== Segment start ==

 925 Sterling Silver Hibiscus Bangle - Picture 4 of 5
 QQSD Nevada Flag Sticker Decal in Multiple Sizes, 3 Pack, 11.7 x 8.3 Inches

== Segment end ==
== Segment start ==

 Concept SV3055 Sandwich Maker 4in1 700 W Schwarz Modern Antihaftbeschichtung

== Segment end ==
== Segment start ==

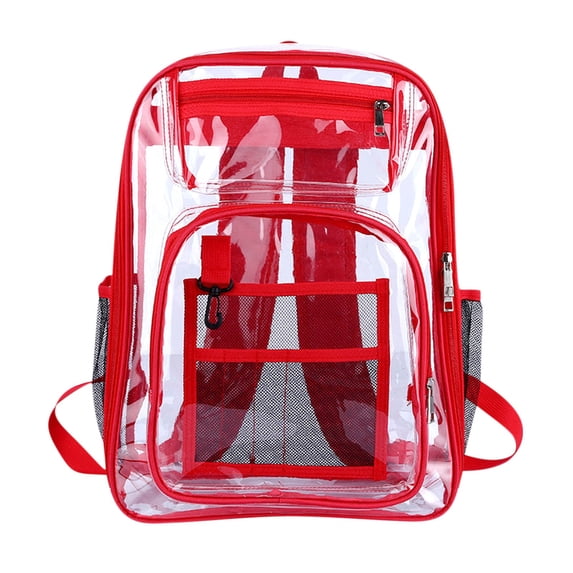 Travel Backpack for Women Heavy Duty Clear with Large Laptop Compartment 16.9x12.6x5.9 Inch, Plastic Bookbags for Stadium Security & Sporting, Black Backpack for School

== Segment end ==

- **Task instructions**
Take from the material above the lines running from the one with "925 Sterling Silver" through the one with "QQSD Nevada Flag", and repeat them exactly, with nothing else.

- **Expected output**
 925 Sterling Silver Hibiscus Bangle - Picture 4 of 5
 QQSD Nevada Flag Sticker Decal in Multiple Sizes, 3 Pack, 11.7 x 8.3 Inches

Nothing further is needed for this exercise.